I just started a new position which will include travel during the year, however it is need-based and with no firm schedule. There is the potential that I could be on the road for 8-9months in a year, and when I am traveling the job shifts from 8hrs/day to 12 and comes with a 50% salary differential to compensate, as well as a stipend to cover living expenses while away from home. Are these adjustments to my base salary accounted for in the support calculator? And how would we adjust for the inconsistency year over year?


#2

Any increase in your base salary should be included as your income in the child support calculation.

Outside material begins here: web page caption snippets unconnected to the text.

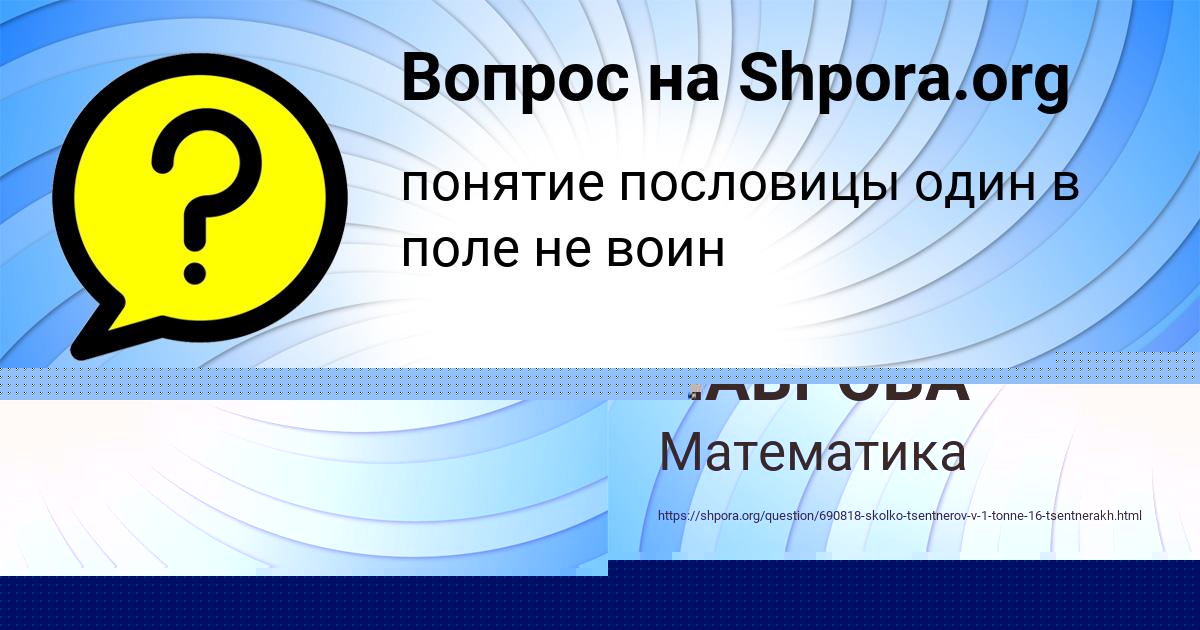 Картинка с текстом вопроса от пользователя ЯНА ЛАВРОВА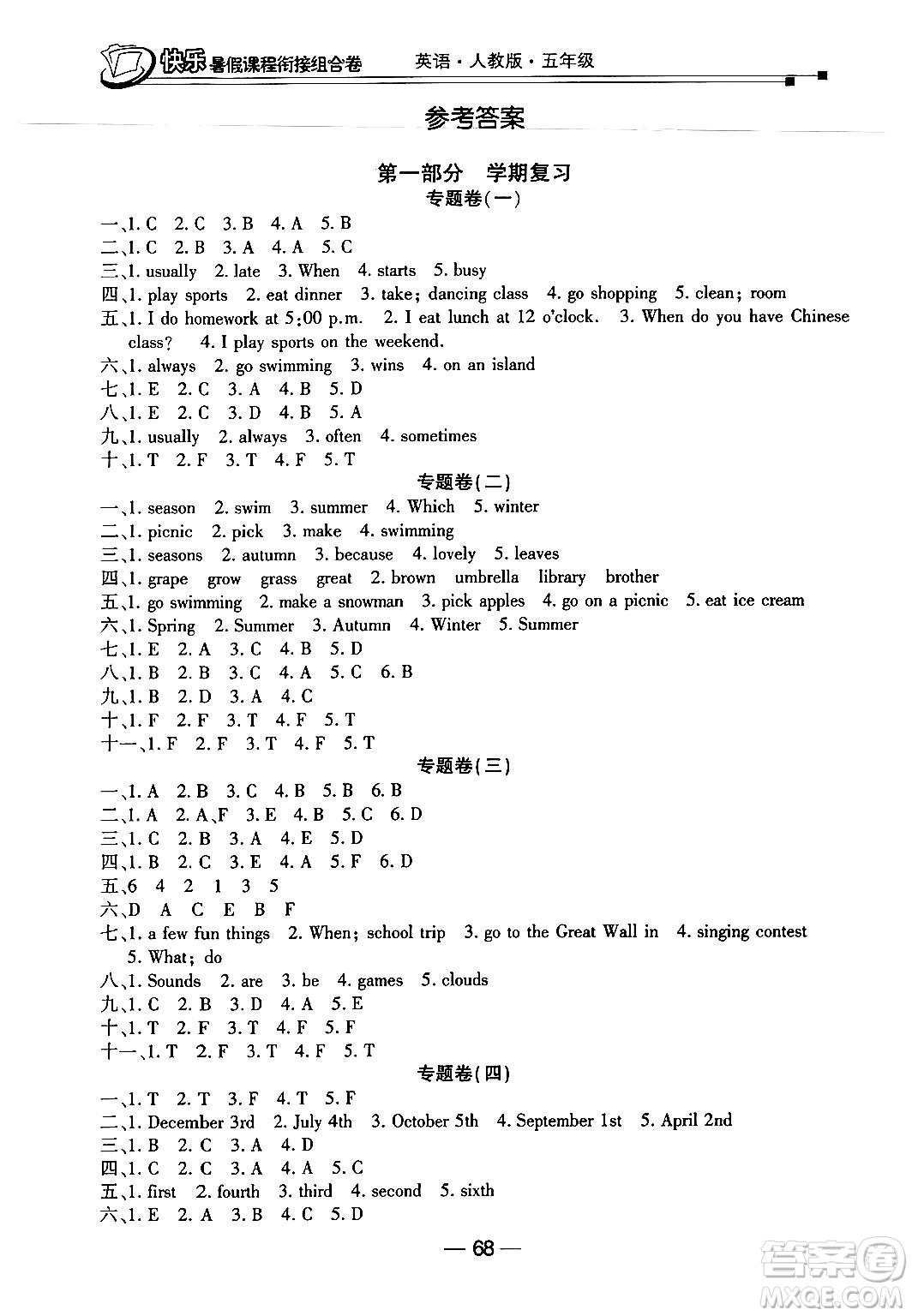 甘肅少年兒童出版社2024年快樂暑假課程銜接組合卷五年級英語人教PEP版答案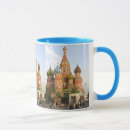 Suche nach moskau tassen Basilikum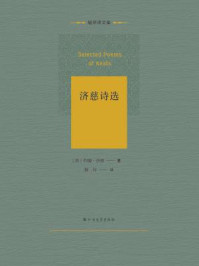 《济慈诗选》-约翰·济慈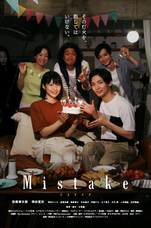 株式会社フェローズのプレスリリース画像3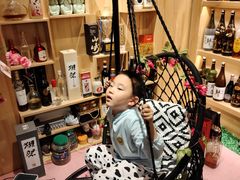 -琴寿司居酒屋(中山广场店)
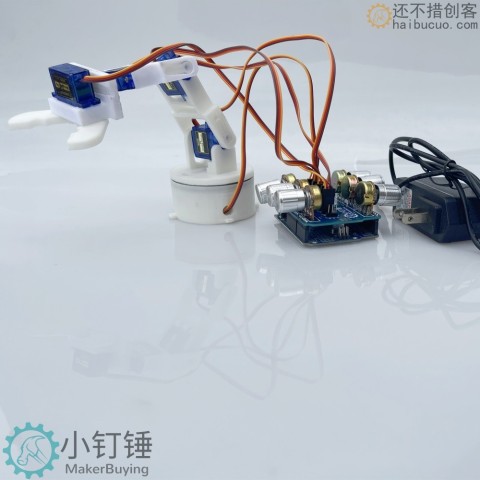 5dof五自由度舵机机械臂for arduino电位器旋钮控制机械手臂DIYsg90 米思齐图形化编程SNAM4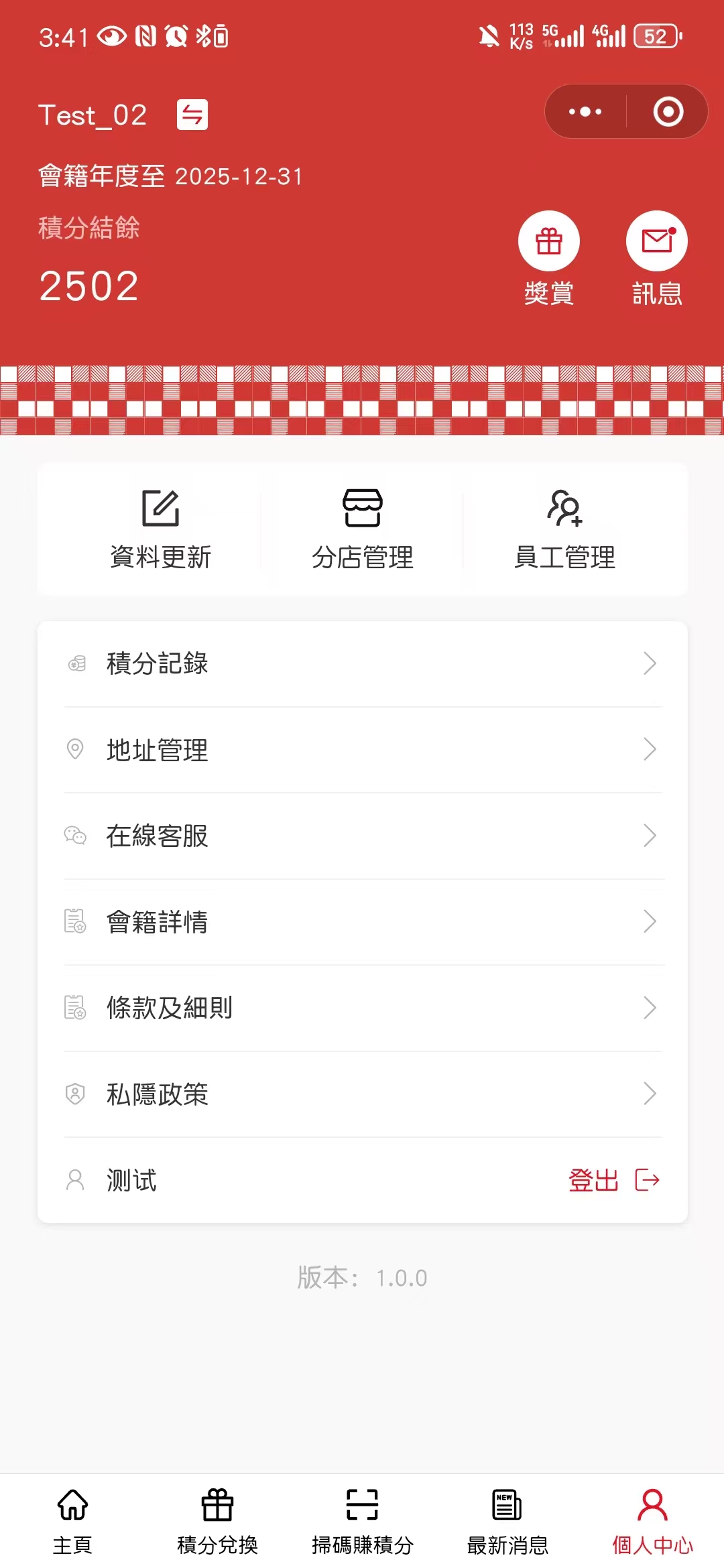新闻标题
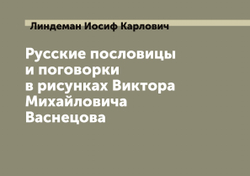 Русские пословицы и поговорки в рисунках Виктора Михайловича Васнецова | Линдеман Иосиф Карлович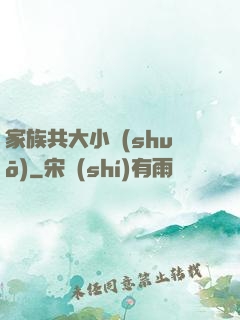家族共大小說(shuō)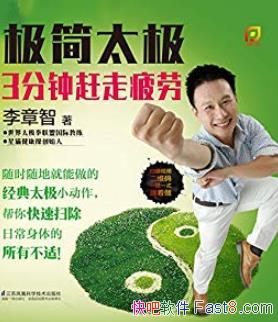 ̫:3Ӹƣ͡/ͳ̫/epub+mobi+azw3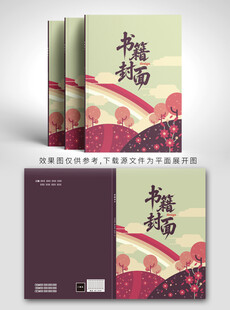 插画风格书籍封面设计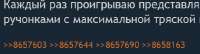 457x124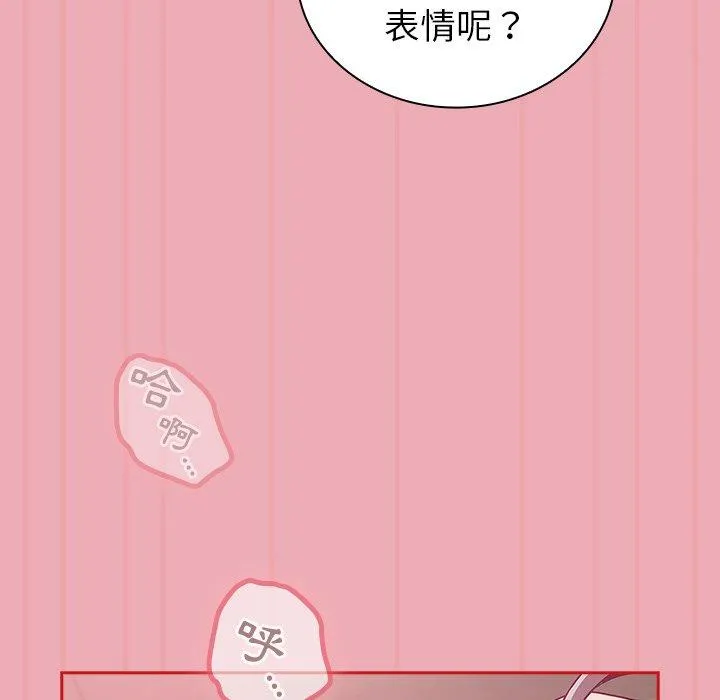 陌生的未婚妻 - 第36话 - page 80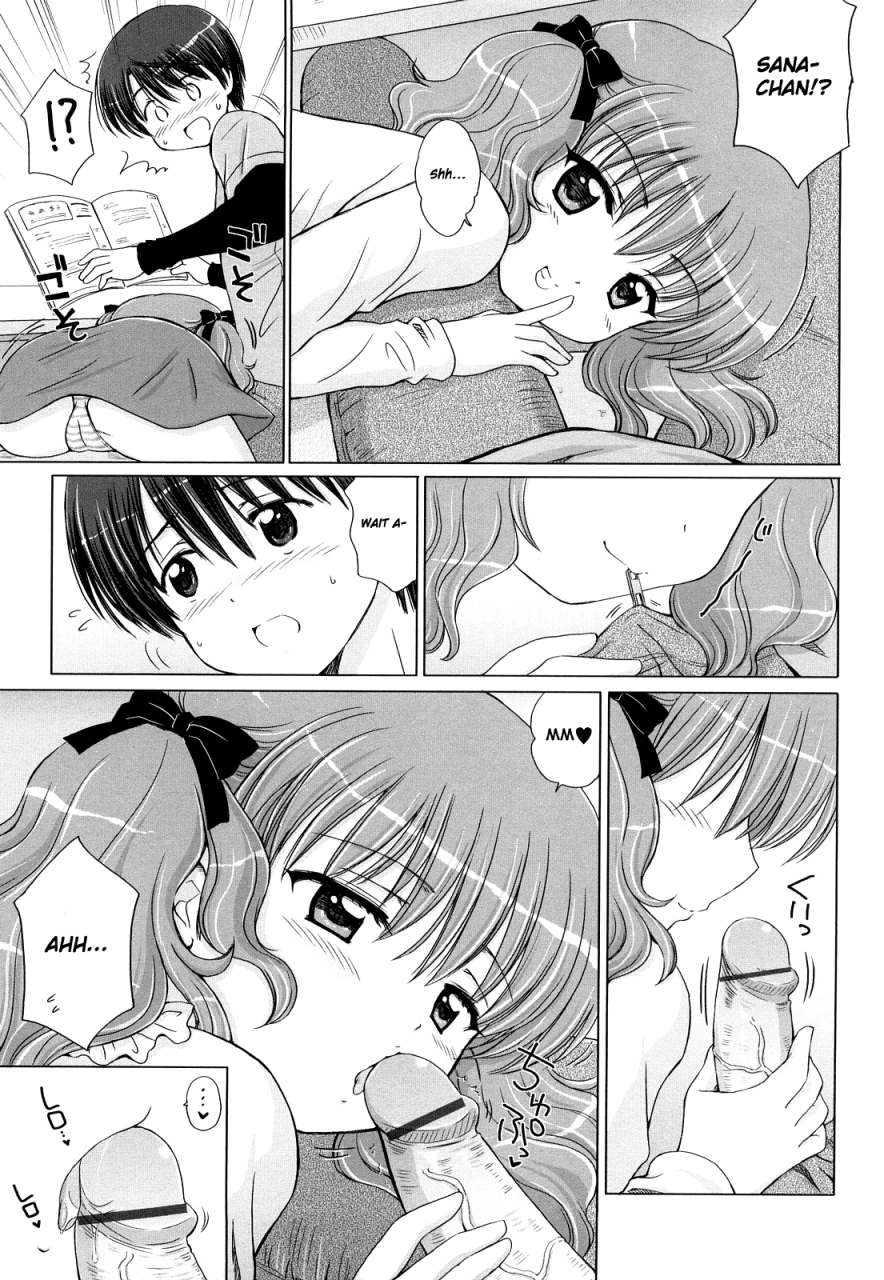 aoyama-reo-daisuki-daisuki-english-hayama-kotono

In cases like yours where the income is variable, a lot of times its appropriate to take an average of several months salary to come up with a figure that accounts for ups and downs in your month-to-month income.


#3

Would the daily stipend, intended to reimburse for expenses incurred from being away from home (cabs, food, laundry etc…), count toward income? Or would we simply use the differential in salary?


#4

The North Carolina Child Support Guidelines define income as:

“(1) Gross Income. “Income” means a parent’s actual gross income from any source, including but not limited to income from employment or self-employment (salaries, wages, commissions, bonuses, dividends, severance pay, etc.), ownership or operation of a business, partnership, or corporation, rental of property, retirement or pensions, interest, trusts, annuities, capital gains, social security benefits, workers compensation benefits, unemployment insurance benefits, disability pay and insurance benefits, gifts, prizes and alimony or maintenance received from persons other than the parties to the instant action. When income is received on an irregular, non-recurring, or one-time basis, the court may average or prorate the income over a specified period of time or require an obligor to pay as child support a percentage of his or her non-recurring income that is equivalent to the percentage of his or her recurring income paid for child support.”

You travel reimbursement and stipend should not be considered income, but the other parent could cite it as a reason to deviate from the guidelines.